Menurut saya, sistem pembiayaan yang digunakan dalam pembangunan JTTS ini sudah baik dengan menggabugkan obligasi dan PMN dalam membantu memenuhi ekuitas perusahaan mengingat pembangunan JTTS memang belum layak dalam hal financing karena IRR (Internal Rate of Return) yang masih kurang sehingga pembangunan proyek dianggap belum layak dilaksanakan. Peneribitan obligasi ini menguntungkan karena di dapatkannya fresh money, sehingga penerbit obligasi dapat langsung bekerja tanpa menunggu uang cair dan juga di dapatkannya modal yang dapat membantu pembangunan infrastruktur lebih cepat dengan tempo pengembalian yang relatif panjang.

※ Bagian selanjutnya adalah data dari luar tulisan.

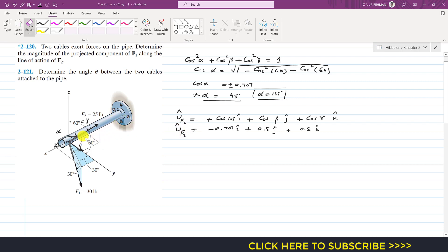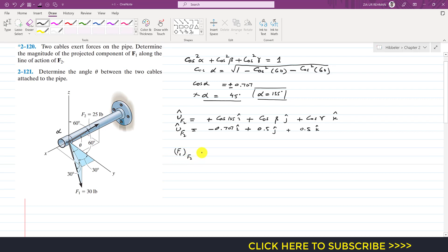We are required to find the magnitude of the projection of F1 along F2. This will be equal to the F1 Cartesian vector multiplied by the unit vector along F2 as a dot product. So now we need to find the Cartesian vector representation of F1.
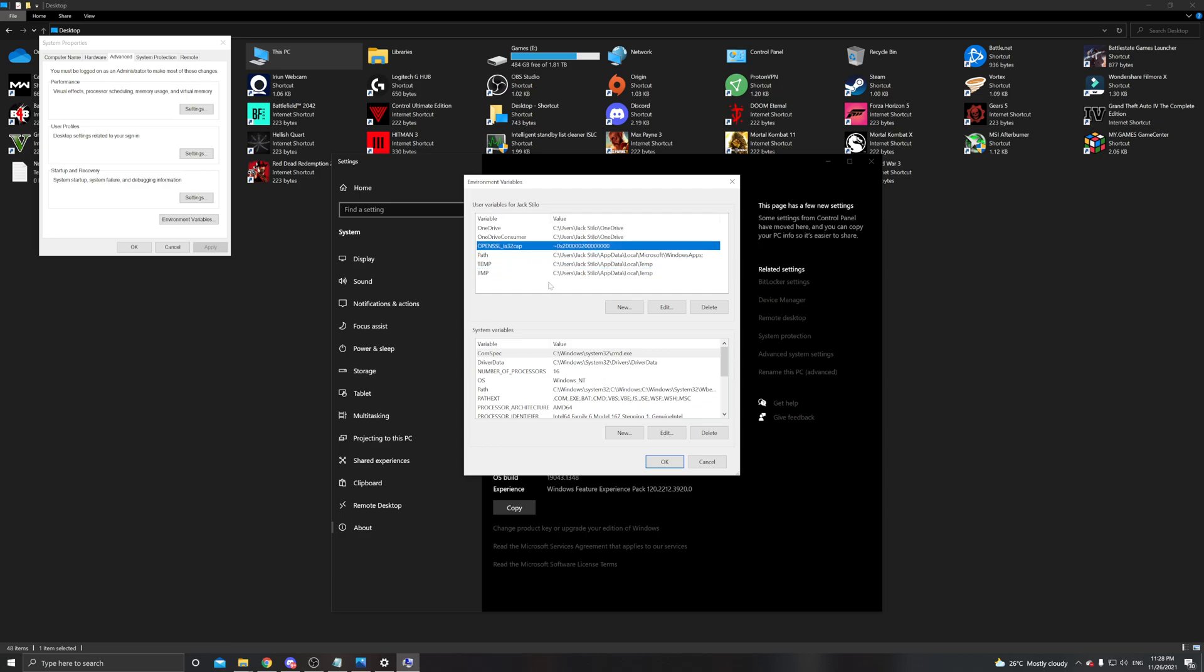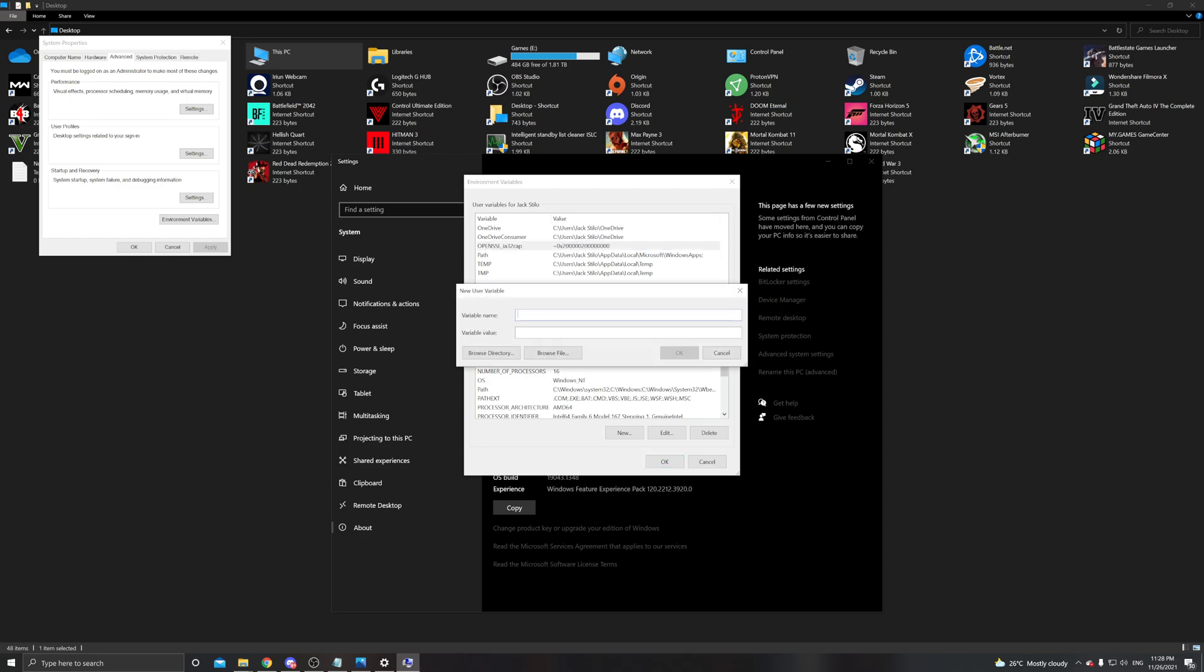In case it doesn't work for you here, try adding it here as well, but I don't guarantee if this would do anything to your system or not. Just click on new.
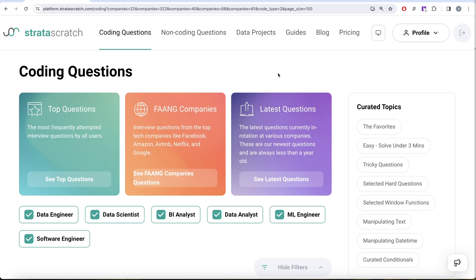Hey guys, welcome back to the channel. This channel, Every Data Science, is all about trying to learn various concepts of data science by practicing a lot of questions. This video is in continuation of the series where we are trying to learn Python for data science by solving FAANG interview questions from companies like Facebook, Amazon, Apple, Netflix, and Google.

Akan tetapi, dengan adanya keputusan DPR menahan alokasi anggaran PMN kepada 25 BUMN dalam APBN 2016 akibatnya dapat menghambat pembangunan JTTS mengingat mayoritas PMN masuk di dalam skema pembiayaan JTTS. Hal ini tentu saja dapat menghambat pembangunan JTTS. Hal ini tentu saja dapat menghambat pembangunan JTTS karena PT. Hutama Karya harus menghitung ulang pembiayaan 4 ruas JTTS. Dari sini, mungkin pemerintah maupun BUMN bisa mulai mencari sumber pembiayaan lainnya, salah satunya dengan meningkatkan kerjasama pemerintah – swasta (PPP) dengan Benefit Cost Analysis sebelum pelaksanaan proyeknya, sehingga dalam pelaksanaannya nanti apabila terjadi kendala dapat cepat teratasi dan proyek tidak akan mangkrak. Selain itu, hal ini juga dapat membantu membranding JTTS agar lebih menarik secara komersil.
Penggunaan obligasi juga akan lebih maksimal jika pemerintah memiliki obligasi khusus untuk infrastruktur sehingga tidak melalui mekanisme APBN lagi agar pemerintah tidak perlu secara khusus mencari sumber pembiayaan lainnya mengingat sumber pembiayaan obligasi ini sangat baik disaat APBN sudah tidak mampu memenuhi pembiayaan infrastruktur. Kemudian adanya subsidi silang dari pembangunan infrastruktur di Pulau Jawa juga membantu dalam pembiayaan mengingat pembangunan di Pulau Jawa lebih besar kesempatan mendapatkan investor asing, sehingga pendanaannya dapat dialihkan ke pembangunan infrastruktur di luar Pulau Jawa. Selain strategi pendanaan diatas, dapat pula dikembangkan sumber pembiayaan lainnya seperti pembiayaan melalui Coporate Social Responsibility(CSR), Availibility Payment, Kawasan Ekonomi Khusus, dan Debt Nature Swap (DNS).